# Assignment:
Begin at the line that has "25-07 148th Street, Flushing, NY 11354", stop after the line that has "20 S Boulder Cir 20-2310, Boulder, CO 80303", and print exactly those lines from the records below, without any pictures.

Stored data entries:
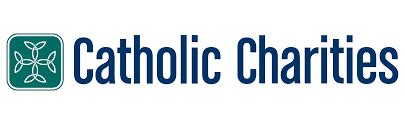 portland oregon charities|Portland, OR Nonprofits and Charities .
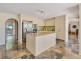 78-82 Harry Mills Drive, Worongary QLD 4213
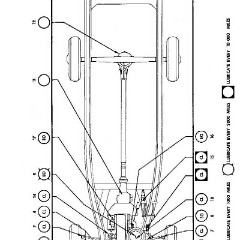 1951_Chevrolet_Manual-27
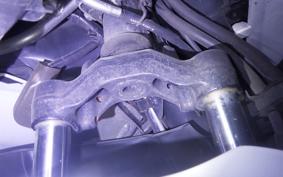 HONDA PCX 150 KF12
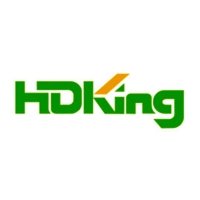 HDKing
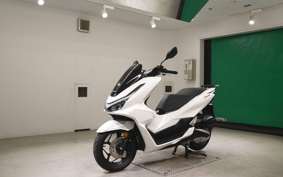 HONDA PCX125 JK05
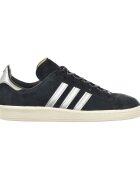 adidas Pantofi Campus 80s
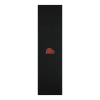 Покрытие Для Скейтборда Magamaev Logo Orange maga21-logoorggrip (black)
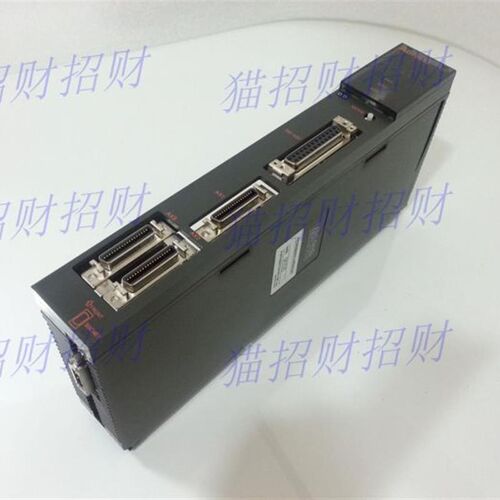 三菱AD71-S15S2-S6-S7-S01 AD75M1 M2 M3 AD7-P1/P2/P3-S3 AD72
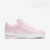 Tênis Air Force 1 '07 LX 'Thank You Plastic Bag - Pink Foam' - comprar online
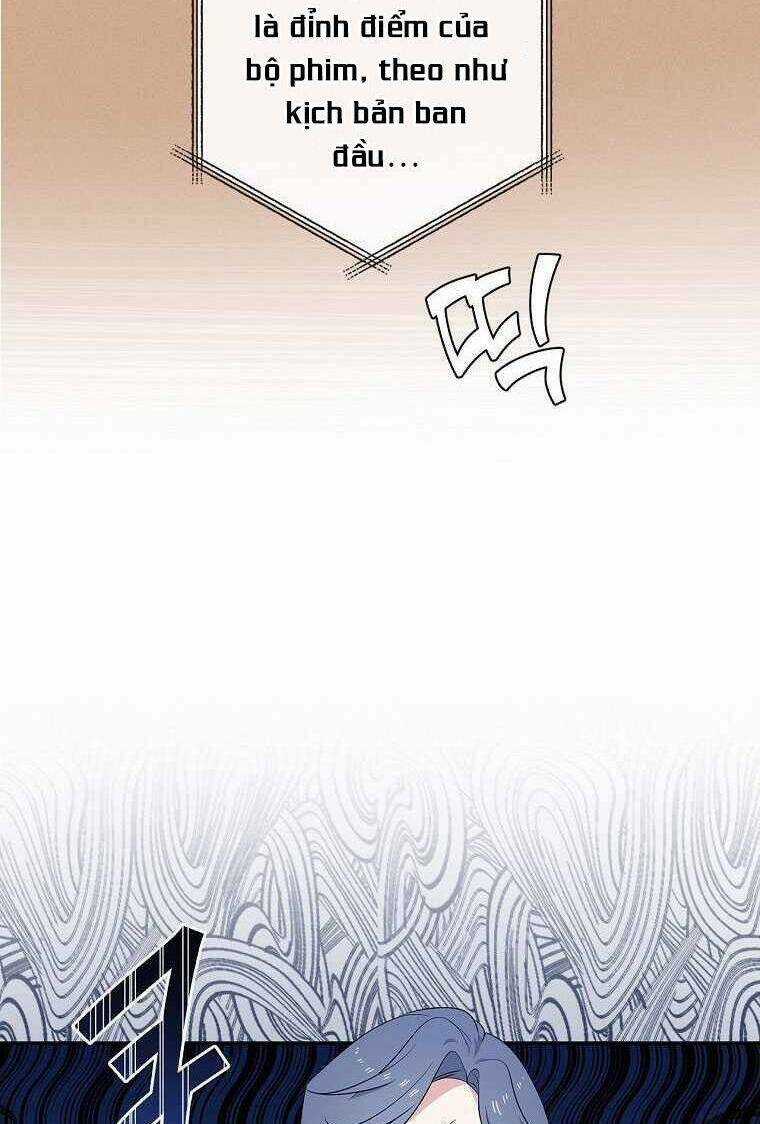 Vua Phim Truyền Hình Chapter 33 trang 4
---
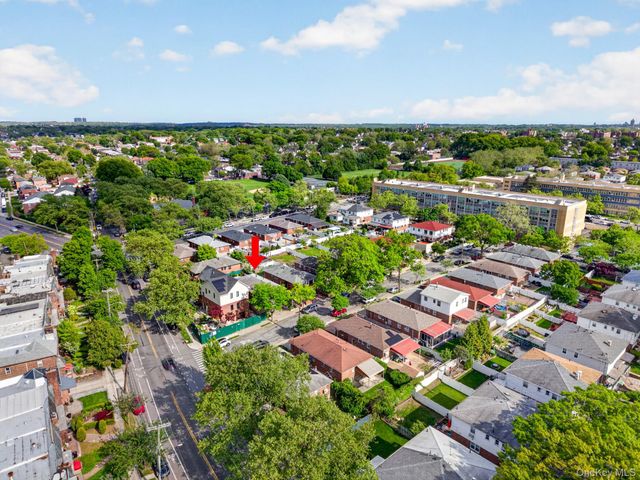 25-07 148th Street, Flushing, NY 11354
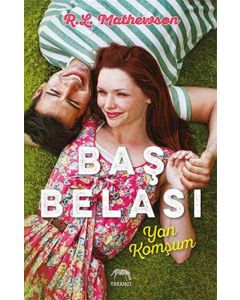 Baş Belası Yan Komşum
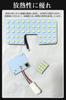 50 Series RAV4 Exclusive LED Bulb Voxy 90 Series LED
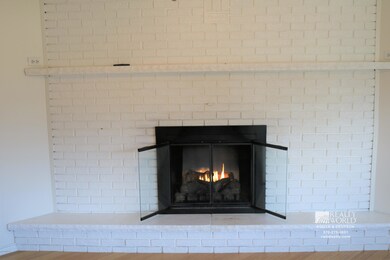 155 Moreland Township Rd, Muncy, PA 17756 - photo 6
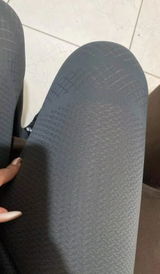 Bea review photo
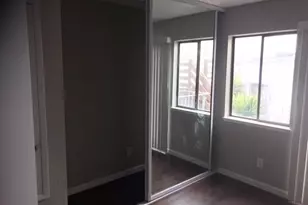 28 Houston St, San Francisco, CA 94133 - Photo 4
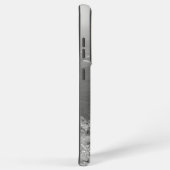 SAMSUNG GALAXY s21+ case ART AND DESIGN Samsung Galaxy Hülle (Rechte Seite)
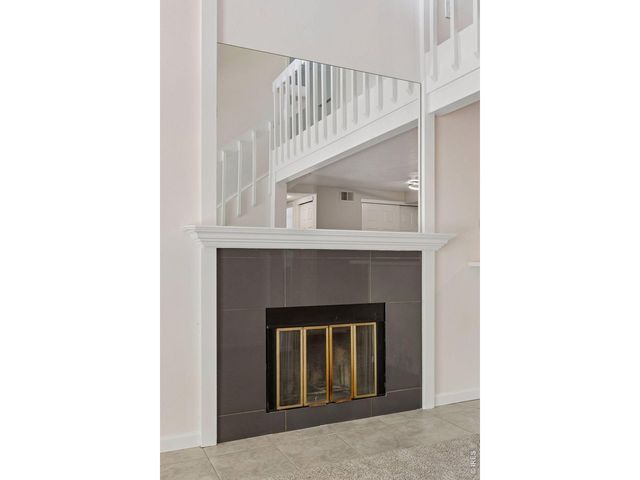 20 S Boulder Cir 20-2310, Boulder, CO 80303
==
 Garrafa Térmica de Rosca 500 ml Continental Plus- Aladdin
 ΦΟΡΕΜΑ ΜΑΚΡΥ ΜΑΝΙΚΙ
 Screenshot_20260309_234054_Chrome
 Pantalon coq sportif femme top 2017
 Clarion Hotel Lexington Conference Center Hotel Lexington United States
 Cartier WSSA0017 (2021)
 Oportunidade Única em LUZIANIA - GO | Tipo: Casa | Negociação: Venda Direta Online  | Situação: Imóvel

# Answer for the task:
 25-07 148th Street, Flushing, NY 11354
 Baş Belası Yan Komşum
 50 Series RAV4 Exclusive LED Bulb Voxy 90 Series LED
 155 Moreland Township Rd, Muncy, PA 17756 - photo 6
 Bea review photo
 28 Houston St, San Francisco, CA 94133 - Photo 4
 SAMSUNG GALAXY s21+ case ART AND DESIGN Samsung Galaxy Hülle (Rechte Seite)
 20 S Boulder Cir 20-2310, Boulder, CO 80303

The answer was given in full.